|Angel's Rest, Columbia River Gorge, Oregon|
- Relaxed atmosphere
- Family and Friends
I've been to a lot of places in the United States. Obviously I'm biased, but I seriously think there's not a more beautifully diverse place than the Northwest. Both states have mountains above 10,000 ft, long stretches of ocean (with free parking... sometimes parking on the beach itself) with plenty of surf spots, majestic pine forests as far as the eye can see, great rivers, sounds, and bays, and high desert plains. The only thing I think is missing is a tropical rain forest. No, the drizzle we get for about 6-8 months isn't "tropical."
The picture above is a glorious view from Angel's Rest, a popular bluff many locals hike to get a 270-degree view from east to west in the Columbia River Gorge. It's also a challenging switchback-laden ascent for novices. If you're not prepared or in decent shape, it will whip you all 1,584 ft of elevation. This is one of MANY fantastic hikes in the Gorge, and it's not the only location to find good hikes. They're all over the place.
The last time I was at Angel's Rest was summer of 2013. I was leading a group of high school students and adult leaders. An older, kids-in-college couple in our group were especially for a treat... of sorts. Both of them have knee issues on top of other things, and Angel's Rest isn't exactly nice when it comes to knees. The great news is that both of them made it to the bluff! I loved encouraging them all the way up. It was a huge blessing to me (since they were my responsibility) but I loved the relief they got from accomplishing a seemingly impossible task.
I just read a couple of chapters from "The Art of Pastoring" by David Hansen. Hansen is an avid fisherman in Montana on top of his pastoring duties. I'll spare you the details, but he accounts a time he went hiking in the summer, and it went wrong quick. It started raining. Sideways. The worst. He and his buddy were in shorts and T-shirt, and they quickly got hypothermia. By grace the sun came out to save them, but Hansen accounted how he had a temptation moment, or what he called, a "Stone to Bread" moment.
He's referring to when Jesus is in the wilderness at the start of his ministry and the devil tries to tempt Jesus. What a fool. But the Son of Man was actually a man, and he was tempted. In fact, he fasted for 40 days! Instead of giving in, Jesus quoted Deuteronomy 8, "... man does not live on bread alone but on every word that comes from the mouth of the LORD." Amen.
As I've gone through Proverbs, I've wondered how I could gain all of this wisdom and righteousness and cast off wickedness and folly. How do I make myself more like Jesus?
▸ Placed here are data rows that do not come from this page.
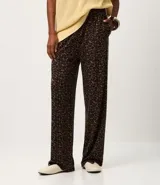 Pantalón de corte wide leg con estampado animal print, confeccionado en tejido modal con viscosa. Presenta cintura elástica y frisos laterales continuos, con una caída recta y amplia.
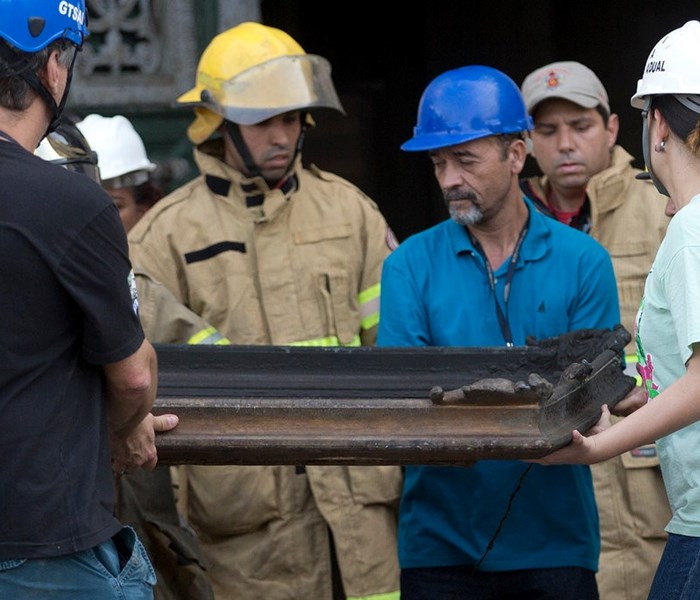 Cháy lớn tại Bảo tàng Quốc gia Brazil: Gần 20 triệu cổ vật bị phá hủy - Anh 1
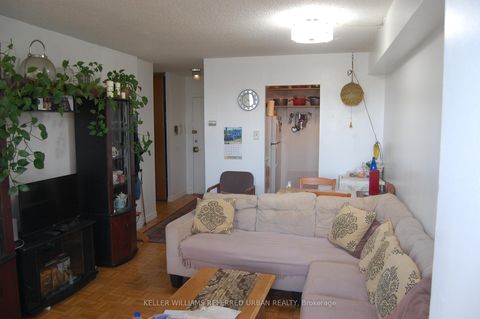 Photo 9 at 907 - 50 Lotherton Pathway, Glen Park, Toronto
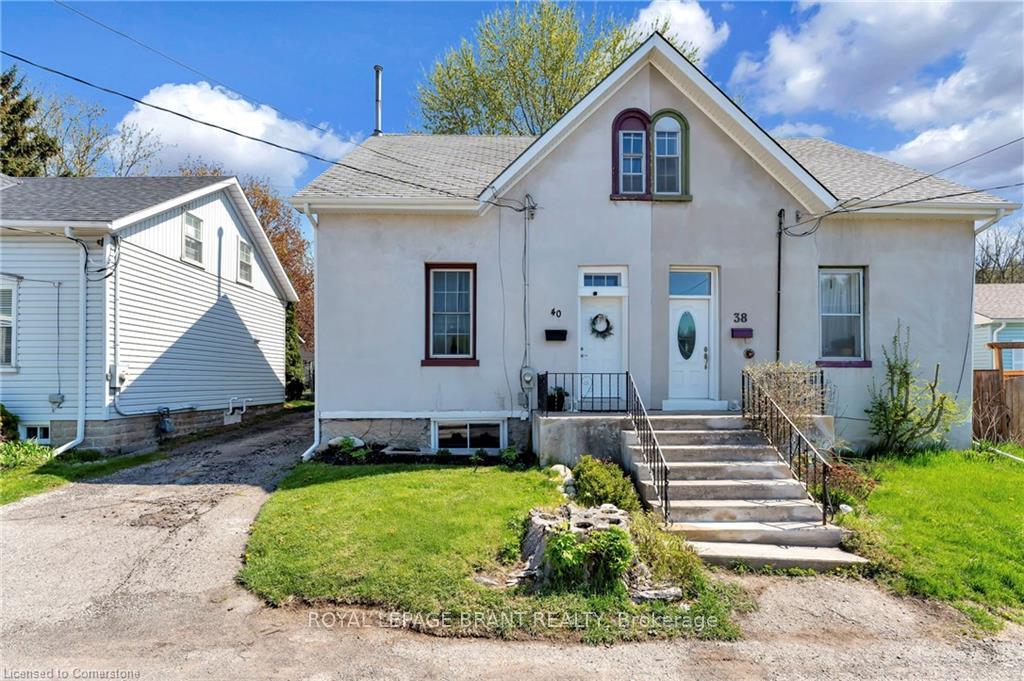 Photo 1 of 40 Walnut Lane, Brant, Paris — HOMEH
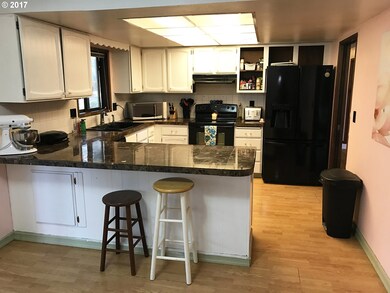 7485 Cason Cir, Gladstone, OR 97027 - photo 3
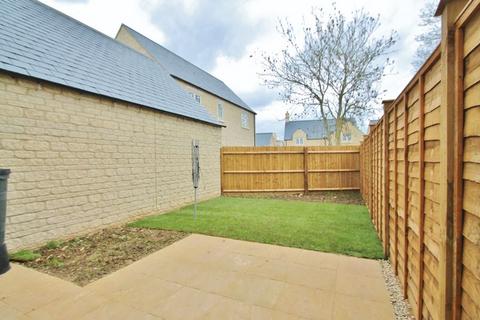 undefined, Jacobs Piece, Fairford, Gloucestershire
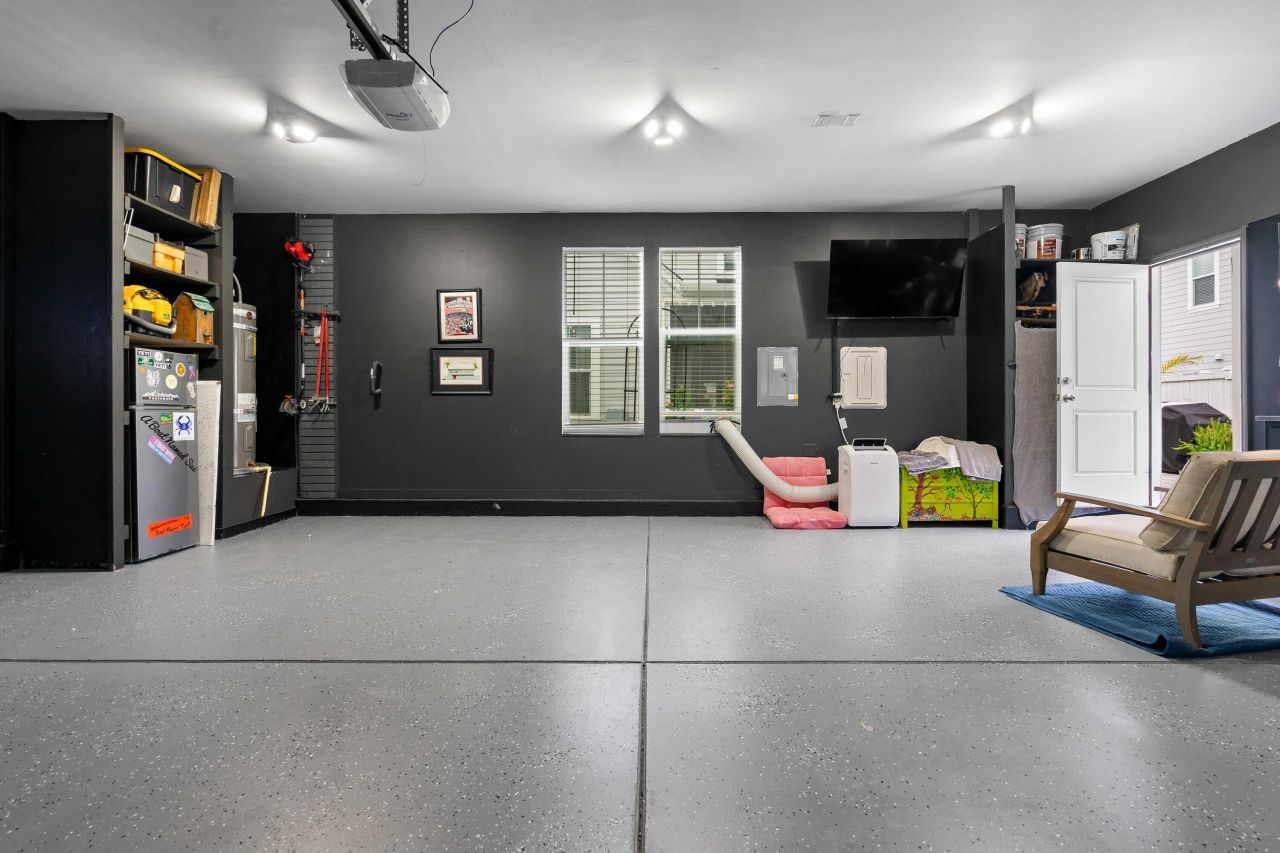 222 Symphony Avenue Photo 63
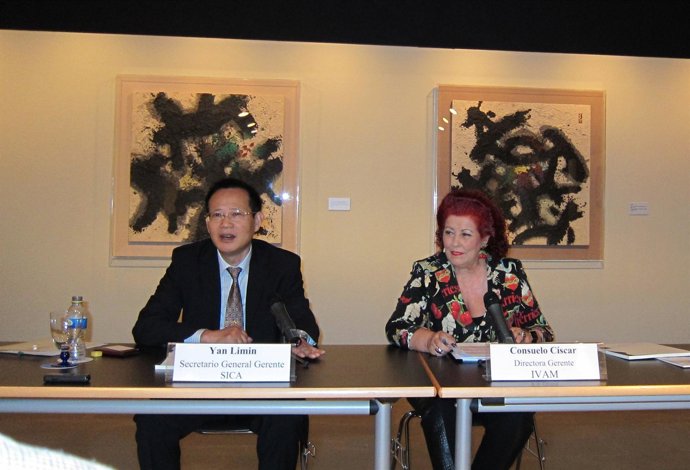 Yan Linim Y Consuelo Císcar En Rueda De Prensa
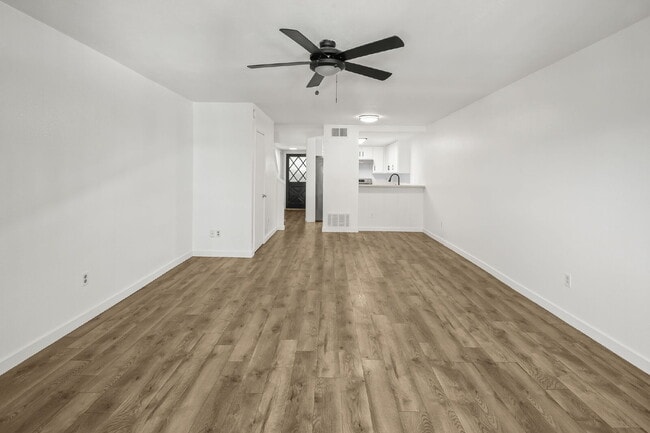 Building Photo - Welcome to your serene 3 BR 2.5 BA Townhome in College Park, San Diego!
In vocational ministry, as Hansen addresses, those who pursue that life will go through the wilderness. It's not a high-paying job, despite what Joel Olsteen says. Hansen was saying he's never encountered a pastor who missed their pastoring job, all that it entails, when they've moved on to something more lucrative. When we're pastors, the grass is greener on the other side FOR SURE.
Then I saw this verse in Proverbs 21:12 - "The Righteous One takes not of the house of the wicked and brings the wicked to ruin."
This whole chapter is another contrast between Righteousness/Wickedness - Wisdom/Folly literature. All kinds of great observations about our world. But verse 21 throws in something important: God sustains, even in our greatest weakness. He is the personification of Righteous. He is the Wise One. And He is good.
Are you in a wilderness? Is there a "Stone to Bread" temptation being dangled in front of you? What's on the other side that's so alluring?
For those of you in the wilderness... keep going. Jesus will sustain you. Hang on every one of His words. For they give life.